Without rereading the lesson, explain why claim headers for every slide matters in three bullets. Then apply it to a second deck example: [describe a different audience, room, or topic]. Return What Changed, What Stayed The Same, What To Check Before Presenting Or Sending, and the exact next action.

Created by potrace 1.16, written by Peter Selinger 2001-2019 What a good response looks like

Transfer Check:
- What changed: the second example has a different audience, input, or delivery context.
- What stayed the same: claim headers for every slide still needs a source, a review check, and a next step.
- Before trusting it: inspect the delivery check that would catch a wrong assumption.
- Next action: run the check once, then carry the revised artifact into the next lesson.

Created by potrace 1.16, written by Peter Selinger 2001-2019 What good looks like

  • You explained the lesson idea from memory before applying it again.
  • The second example changes the artifact instead of copying the first answer.
  • The delivery check names a real risk.
  • The next action can be done in one sitting.

When this breaks

  • Breaks when headers are topic labels because the audience has to infer the point.
  • Fails when a header overclaims because questions expose the gap fast.

AI can help with this

Paste the exercise prompt into Claude with your real deck context. Ask Claude to interview you one question at a time, produce claim headers for every slide, challenge the weakest assumption, and rewrite the artifact once so it is ready for the next deck step.

Each blank header bar becomes a claim-shaped marker attached to proof.

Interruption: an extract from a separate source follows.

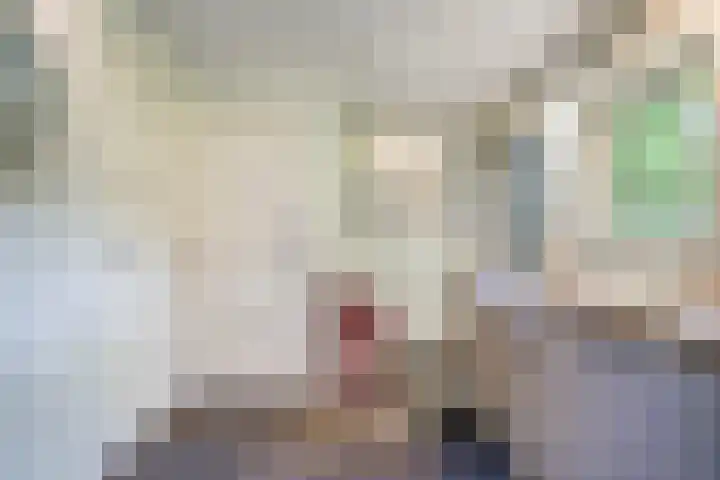 Schoolstraat 2 Swolgen thumbnail 35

Created by potrace 1.16, written by Peter Selinger 2001-2019 You can now

✓

You can explain claim headers for every slide in one sentence.

  • ✓You can name the source material or decision it depends on.
  • ✓You can name the assumption that still needs checking.
  • ✓You can point to the check that proves it is ready for the next deck step.

Key takeaways

Claim headers let a busy audience follow the deck even when they skim.

  1. 1Topic labels name content.
  2. 2Claim headers make the point.
  3. 3Claims need proof.
  4. 4Headers should tell the story in order.